The number of wikis with higher content translation deletion ratios decreased by 1 from July 2020 to December 2020 to January 2021 to June 2021.

We next compared the two lists of wikis to confirm if most of the wikis with higher deletion rates were the same across each quarter.

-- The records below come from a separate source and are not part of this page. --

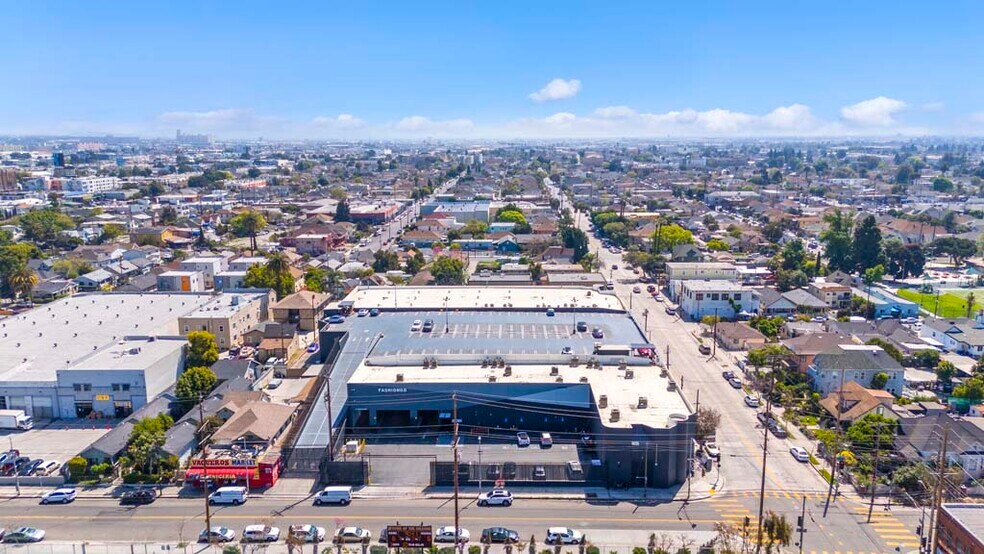 Primary Photo Of 2250 Maple Ave, Los Angeles Warehouse For Lease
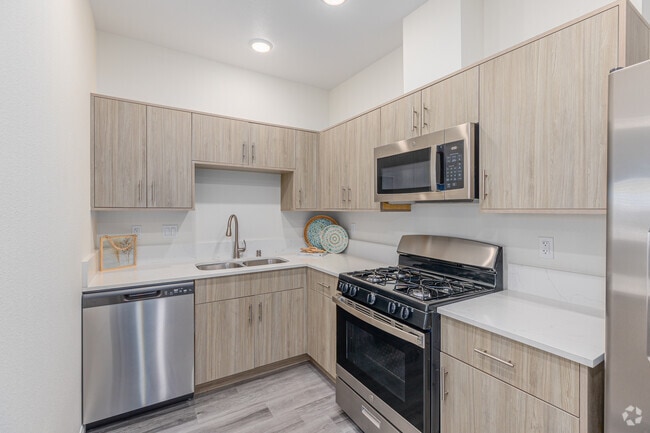 1BR, 1BA - 745SF - Kitchen
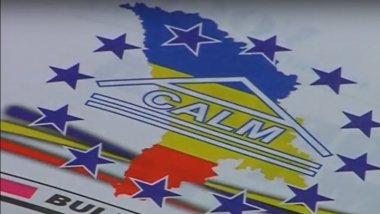 Mayors, discontent with their CALM association. NGO executives raise enormous salaries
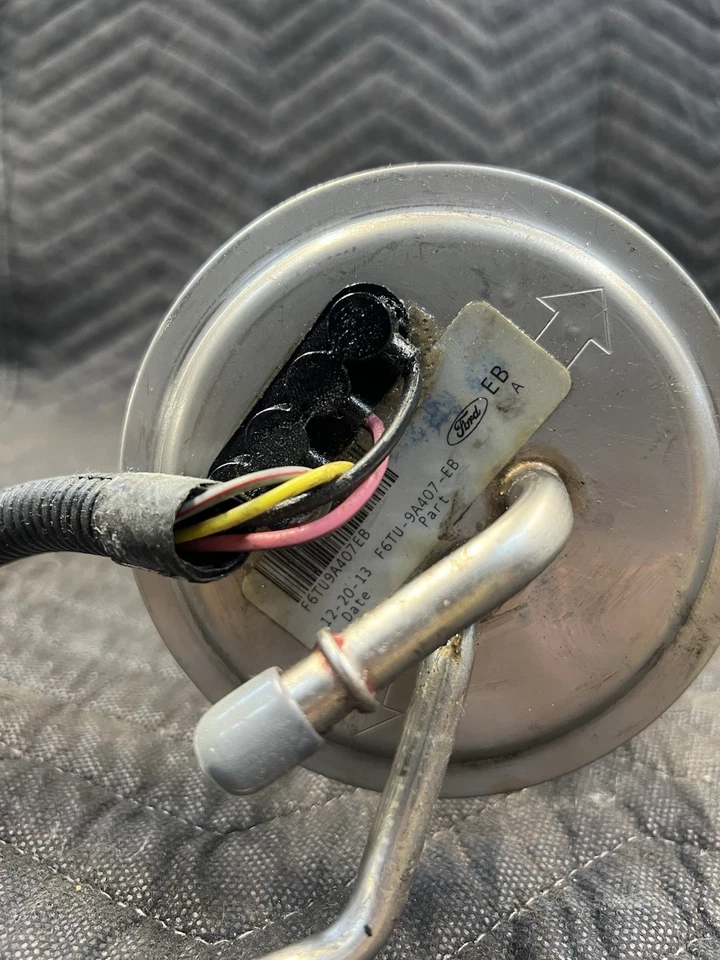 Motorcraft F6TU-9A407-BB Fuel Pump (Genuine) - Image 3 of 4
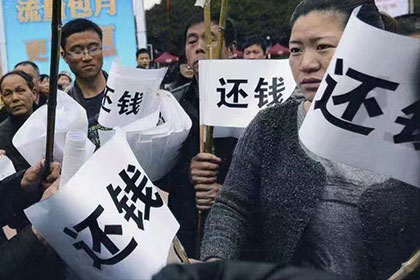 网上起诉欠款需亲自出庭吗？
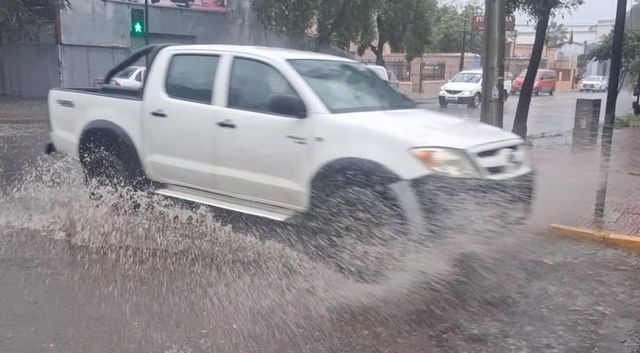 LLUVIA LLUVIA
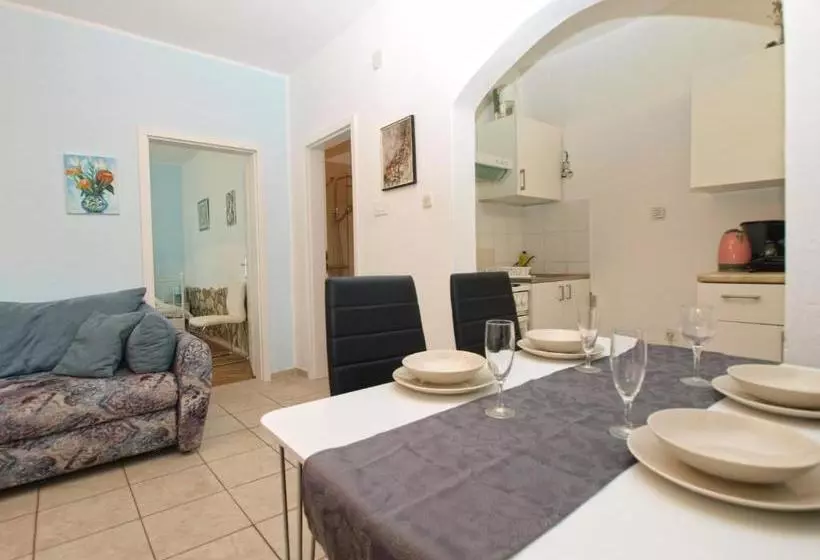 Apartments Olivera 286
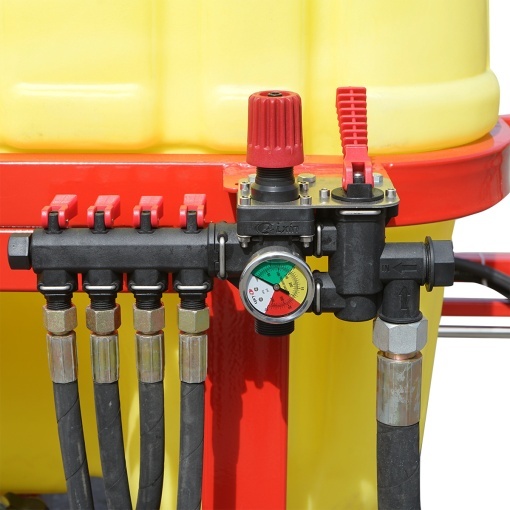 Erbicidator cu bazin 800L, brat 12m, 18 diuze triple THOR - Img 10
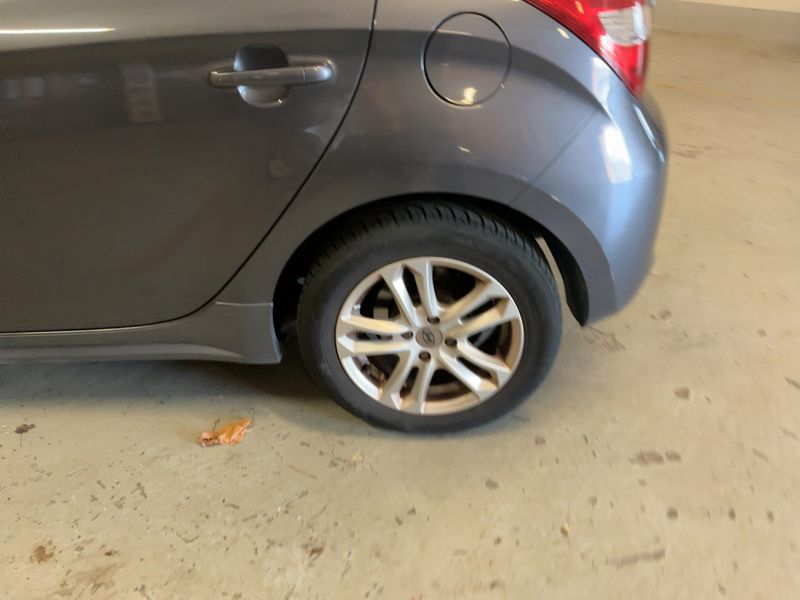 Hyundai i20 1.4 CRDi Classic 2011 – снимка 5
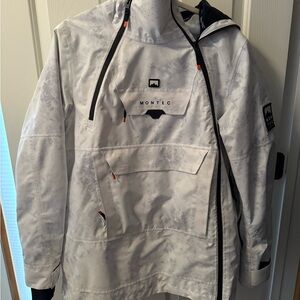 Montec White Snow Jacket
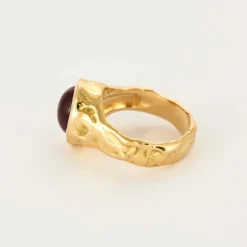Bague en or jaune travaillé avec cabochon de tourmaline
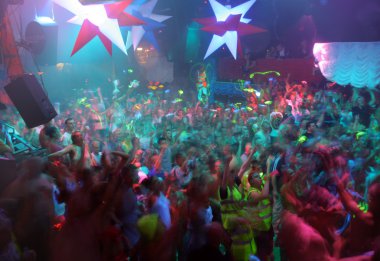 gece kulübünde dansçılar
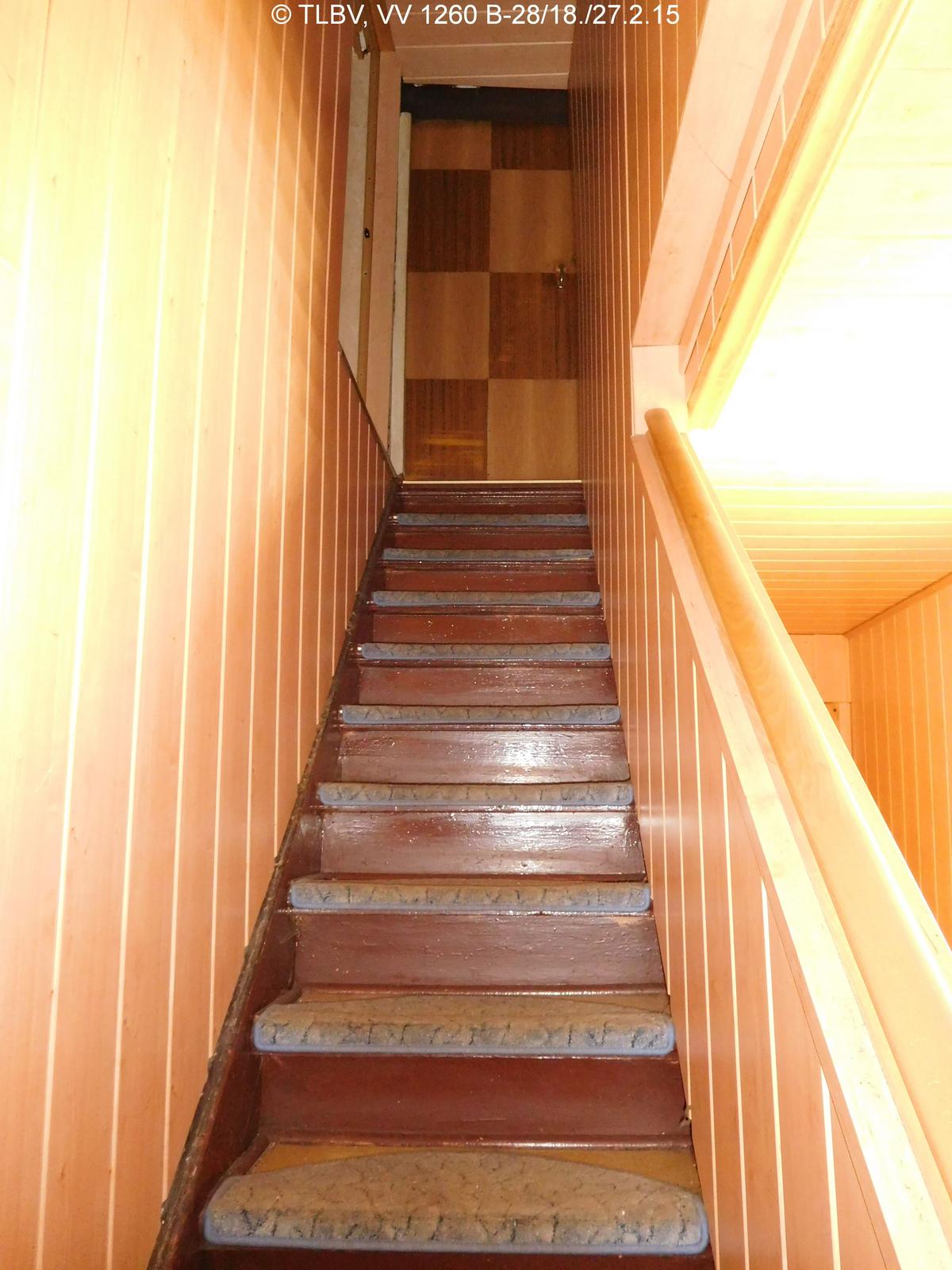 Innentreppe aus Holz, Wände ebenfalls holzvertäfelt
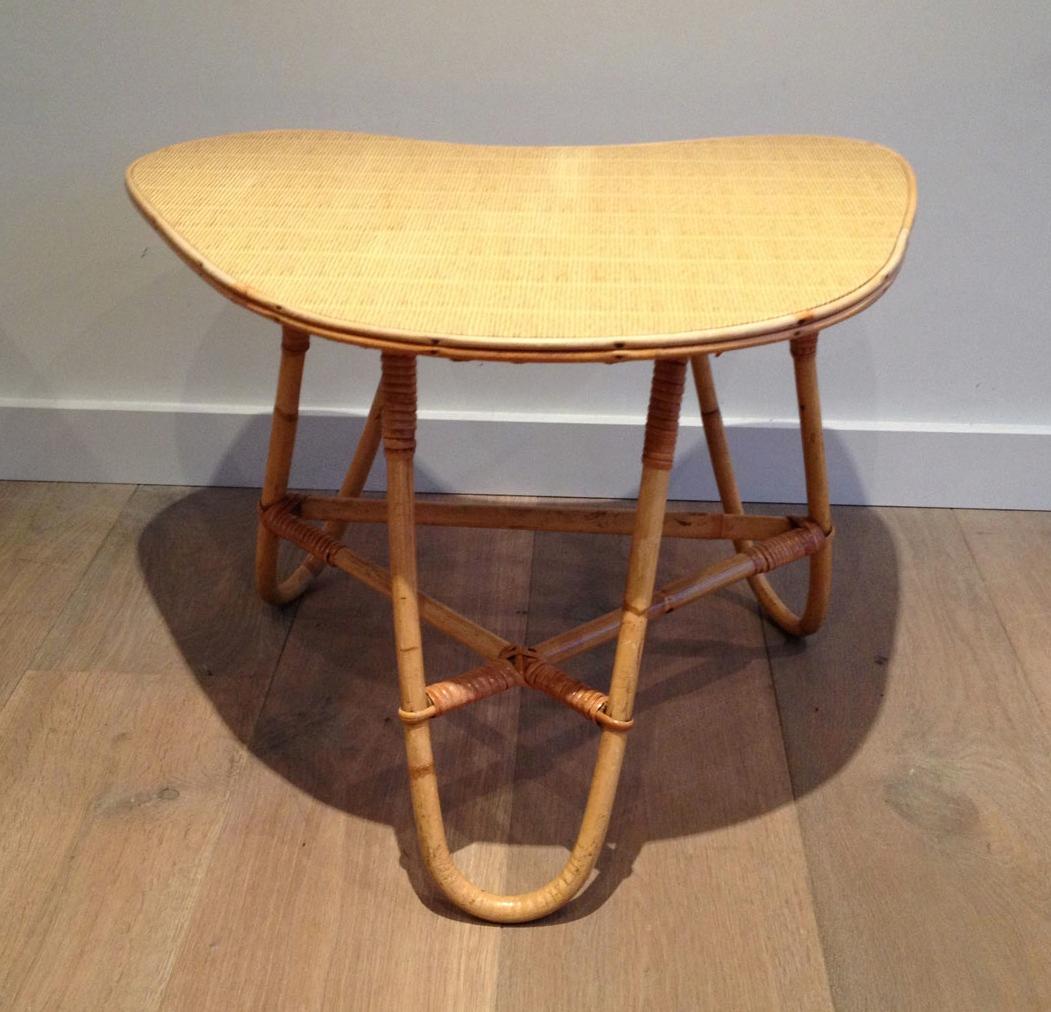 Mid-Century Modern Petite table basse en rotin Free From. Œuvre française attribuée à Audoux Minet en vente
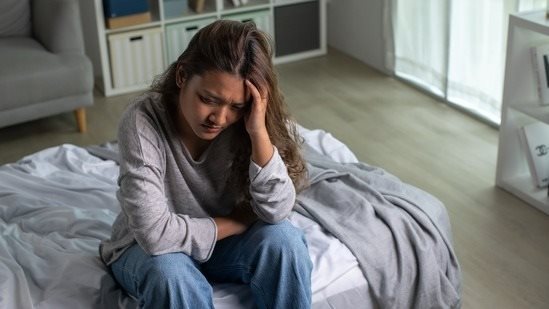 &nbsp;يُعرف مرض الاكتئاب بأنه اضطراب مرتبط بالحزن المستمر&nbsp;
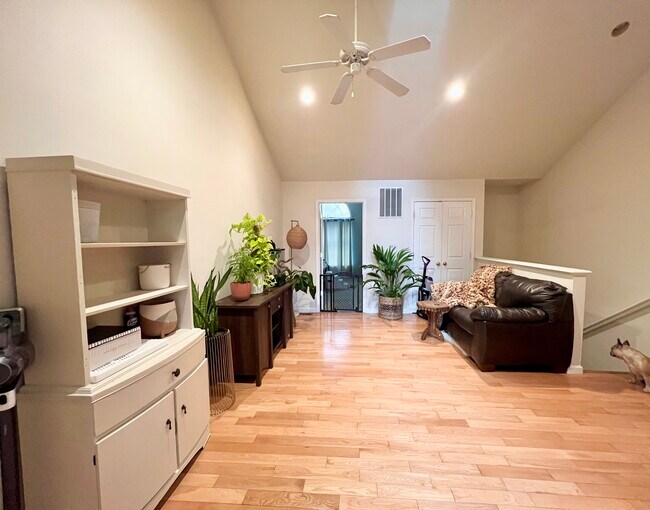 Building Photo - 368 Channing Dr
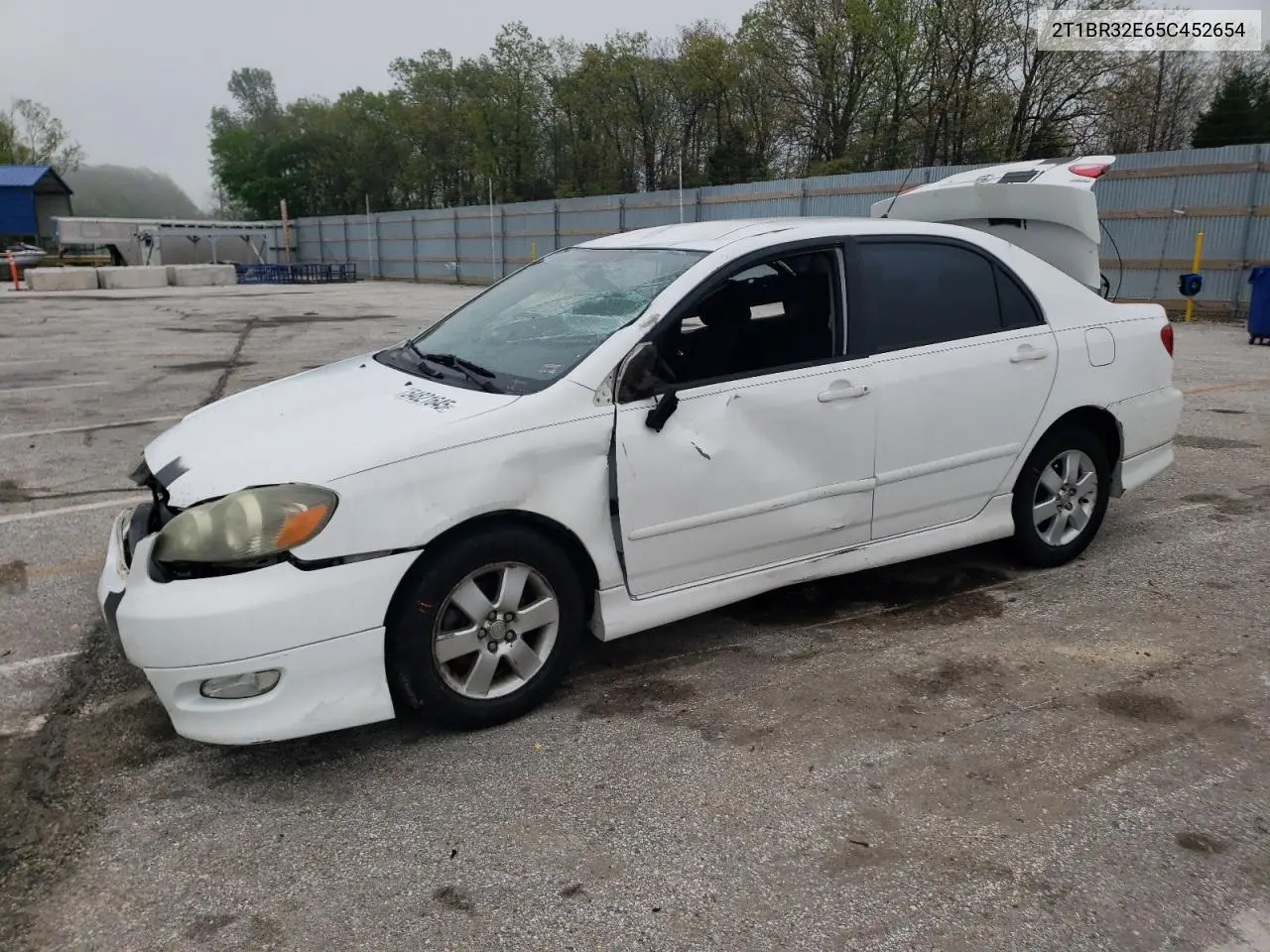 2005 Toyota Corolla Ce VIN: 2T1BR32E65C452654 Lot: 54821645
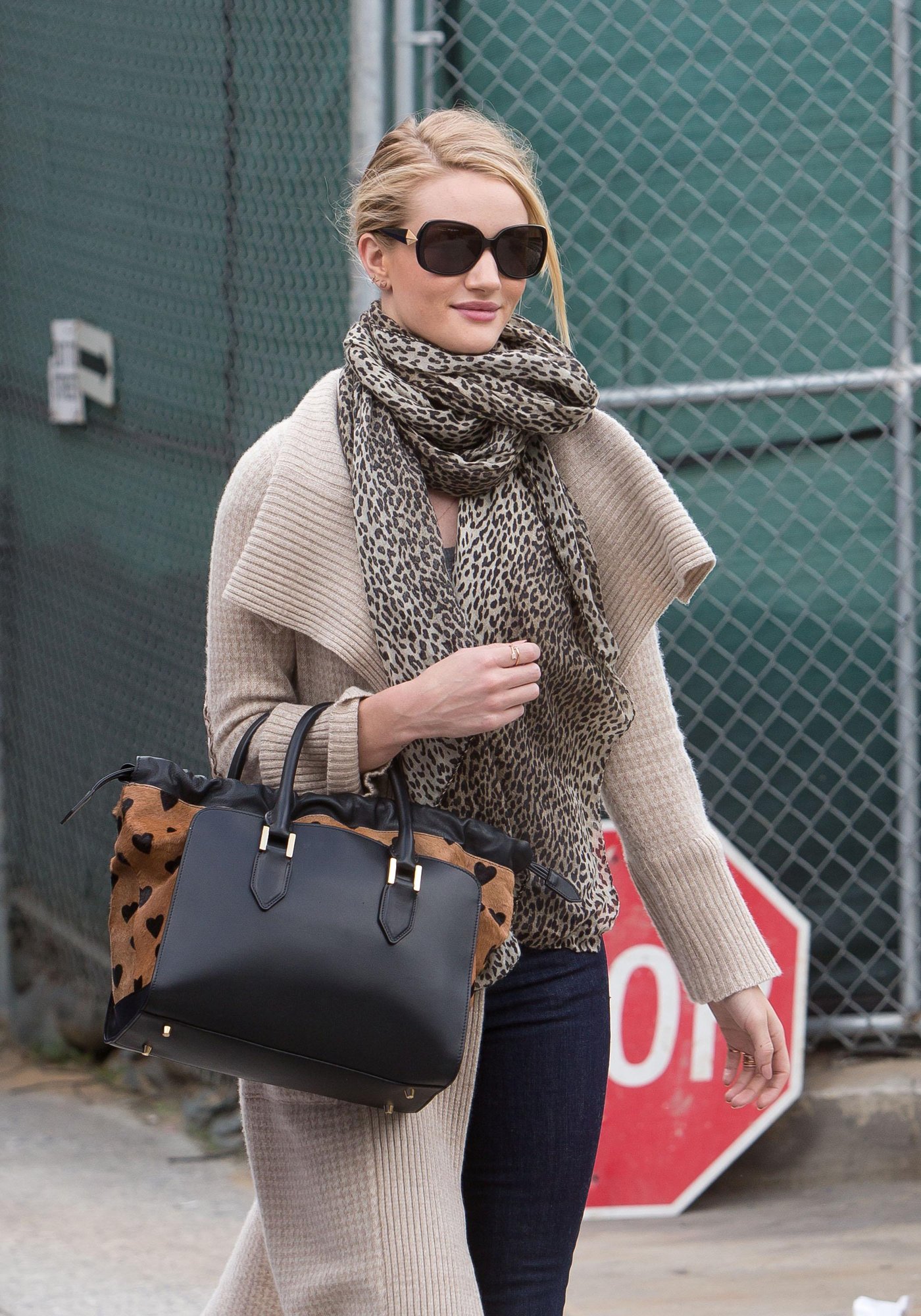 Rosie HuntingtonWhiteley  Photoshoot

## How many wikis had higher deletion ratios for cx translated articles both quarters?

In [296]:
cx_deletion_higher_list_previous <- cx_deletion_ratio_bywiki_previous   %>%
    filter(deletion_ratio_diff < 0) %>%
    arrange(deletion_ratio_diff)

cx_deletion_higher_list_previous

wiki,created_cx,created_non_cx,deleted_cx,deleted_non_cx,deleted_cx_ratio,deleted_non_cx_ratio,deletion_ratio_diff
<chr>,<int>,<int>,<int>,<int>,<dbl>,<dbl>,<dbl>
fywiki,17,1755,14,65,0.82352941,0.037037037,-0.786492375
hawwiki,42,132,31,24,0.73809524,0.181818182,-0.556277056
ltwiki,59,3337,28,644,0.47457627,0.192987714,-0.281588558
iswiki,26,2000,7,155,0.26923077,0.0775,-0.191730769
lawiki,48,2979,9,158,0.1875,0.053037932,-0.134462068
hywiki,159,33338,22,1080,0.13836478,0.032395465,-0.105969315
azwiki,206,29671,29,1885,0.1407767,0.063530046,-0.077246653
arywiki,63,2443,5,50,0.07936508,0.020466639,-0.05889844
mywiki,313,6698,37,439,0.11821086,0.065541953,-0.05266891
cywiki,122,1451,13,85,0.10655738,0.058580289,-0.047977088


In [294]:
intersect(cx_deletion_higher_list_current[1], cx_deletion_higher_list_previous[1])

wiki
<chr>
hawwiki
iswiki
kuwiki
arywiki
arzwiki
fiwiki
lawiki
eowiki


There were 8 wikis that had higher deletion ratios for content translated articles both quarters.